The scenarios that Amazon aims to help create with this contest, says Prasad, are “pushing the boundaries, not just in terms of personality but how you interact, in a setting where you can have more long-term discussions, rather than this transactional nature of interactions, where you say ‘play music,’ but you’re not actually engaging in a full conversation. That’s where we’re going next. “

That sort of ambition will be necessary if Alexa and the devices that run it are to remain trendsetters. Google’s Home speaker, powered by its Google Assistant service, is unmistakably an attempt to out-Echo the Echo, and is getting respectable reviews. Rumor also has it that Apple is working on an Echo-esque device, a move that would make Siri and Alexa into direct rivals. Microsoft, Samsung, and other companies with the wherewithal to compete in the voice-assistant game are presumably also hatching plans to take on Alexa and the Echo.

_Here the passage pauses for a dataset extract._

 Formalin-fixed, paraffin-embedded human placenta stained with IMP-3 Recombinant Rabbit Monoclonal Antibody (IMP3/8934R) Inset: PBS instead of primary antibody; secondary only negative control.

The other companies whose products fall into the same ballpark as Alexa and the Echo “are building some interesting things,” Reid says. “We want to understand where our gaps are relative to common experiences. What are they doing, and doing better than we are?”

Still, like virtually any other big-company executive you might ask about the competitive landscape, Reid and Prasad emphasize that they don’t obsess over what others are doing. “We have our own roadmap,” says Prasad. “We have a bunch of features we want to get done for our customers. That’s what we worry about mostly, daily.”

When Alexa and the Echo were still just ambitious ideas rather than shipping projects, he adds, “my own team felt like we had a nine out of 10 chance of making this work. I felt that if we were able to solve the technical problems, we’d have a new category that we’d created.”

Prasad was right—and the fact that the category Amazon created has become one of the hottest ones in tech is one reason why the next two years for these products promise to be even more eventful than their first two.